A lenda refere que o prior terá sido julgado em 1487, com 62 anos, e condenado a ser “degredado de suas ordens e arrastado pelas ruas públicas nos rabos dos cavalos, esquartejado o seu corpo e postos os quartos, cabeça e mãos em diferentes distritos, pelo crime que foi arguido e que ele mesmo não contrariou”.

No entanto, apesar da tétrica sentença, conta-se que “El-Rei D. João II lhe perdoou a morte e o mandou pôr em liberdade aos 17 dias do mês de março de 1487 com o fundamento de ajudar a povoar aquela região da Beira Alta, tão despovoada ao tempo, e guardar no Real Arquivo da Torre do Tombo esta sentença, devassa e mais papéis que formaram o processo”.

Sentença proferida no processo contra o prior de Trancoso (1487)

(Torre do Tombo, Armário 5, Maço 7)

“Padre Francisco da Costa, prior de Trancoso, de idade de sessenta e dois anos, será degredado de suas ordens e arrastado pelas ruas públicas nos rabos dos cavalos, esquartejado o seu corpo e postos os quartos, cabeça e mãos em diferentes distritos, pelo crime que foi arguido e que ele mesmo não contrariou, sendo acusado de:

– ter dormido com 29 afilhadas e tendo delas 97 filhas e 37 filhos;

– de 5 irmãs teve 18 filhas;

– de 9 comadres 38 filhos e 18 filhas;

– de 7 amas teve 29 filhos e 5 filhas;

– de 2 escravas teve 21 filhos e 7 filhas;

– dormiu com uma tia, chamada Ana da Cunha, de quem teve 3 filhas, da própria mãe teve 2 filhos.

 

Total: 299 filhos, sendo 214 do sexo feminino e 85 do sexo masculino, tendo concebido em 53 mulheres.


Parte 6

Já que falei dos túrdulos, talvez não seja enjoativo regressar a eles.

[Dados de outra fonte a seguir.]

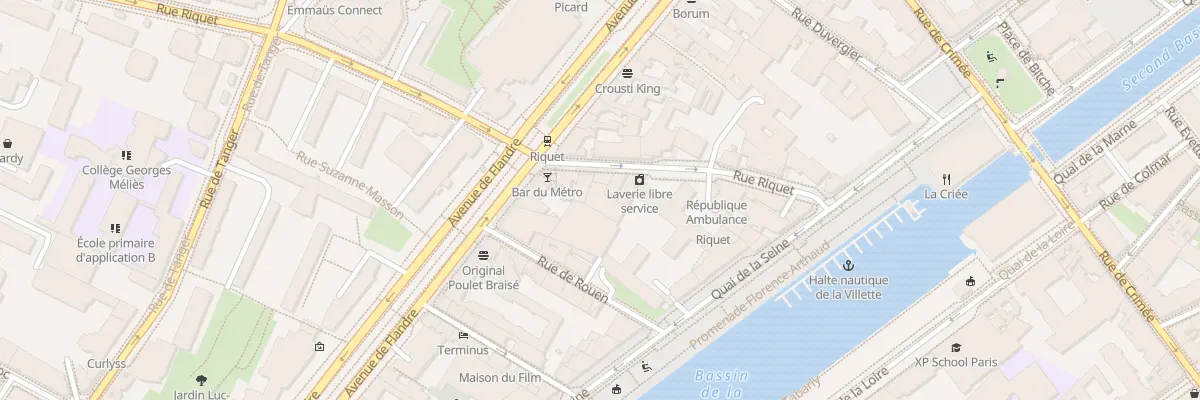 Plan du 15 Rue Riquet à Paris 19e Arrondissement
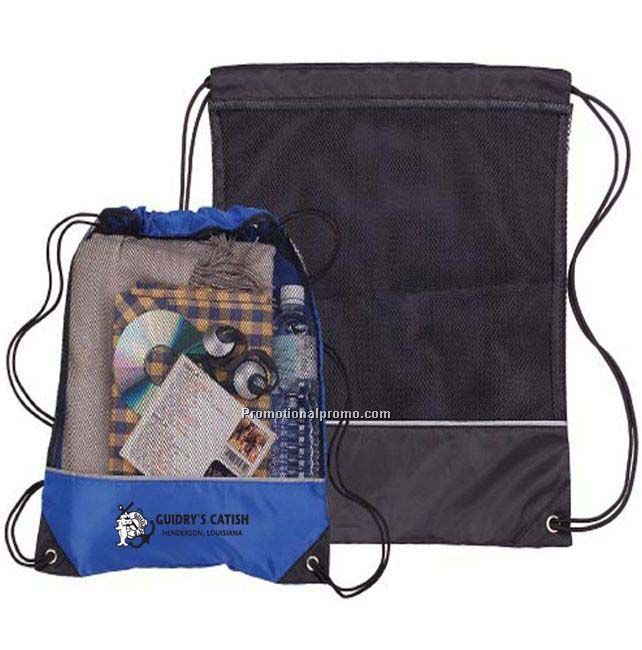 Mesh drawstring backpack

Formavam uma antiga tribo tartéssica, ou melhor, um povo pré-romano que vivia no Sul de Portugal, assentada, a leste do Alentejo, entre os vales do rio Guadiana e do Guadalquivir, aproximadamente entre a Oretânia e a Turdetânia.

A sua capital foi o antigo ópido de Ipolka, conhecida como Obulco na época dos romanos, correspondendo atualmente à cidade de Porcuna, em Jaén. Entre outras particularidades, crê-se que os túrdulos se diferenciavam dos demais povos ibérios de então na língua, supostamente de origem tartéssia.

Eis o que encontrei em castelhano e não parece necessário traduzir:

"Porcuna es un pueblo con historia, con una gran historia bajo su gruesa piel de olivos. Un lugar que no ha dejado de estar habitado en los últimos 5.000 años y que entraña numerosos tesoros aún por descubrir. Fue poderosa nación ibera, Ipolka, y decisiva ciudad romana después, Obvlco. De sus épocas tartesias e iberas aún quedan por pulir muchas aristas, mientras que de su glorioso pasado romano las evidencias asoman en cada rincón de la urbe. Pero no menos importante fue para visigodos y musulmanes, y en la Edad Media los reyes deseaban en sus dominios a Porcuna."


Parte 7

Em Coimbra, no regresso a casa, parei no Largo da Portagem e logo desci para a Rua dos Gatos, porque Miguel Torga não veio à janela do seu consultório e na rua escura em que me embrenhei nem o mais infeliz dos felinos me apareceu.

Torga tinha morrido, afinal, como Inês e o próprio Joaquim António de Aguiar, o pedreiro livre que foi cartista e chefe de governo três vezes no século XIX, ainda continua em silêncio a olhar para o Mondego, desde o dia 26 de maio de 1861.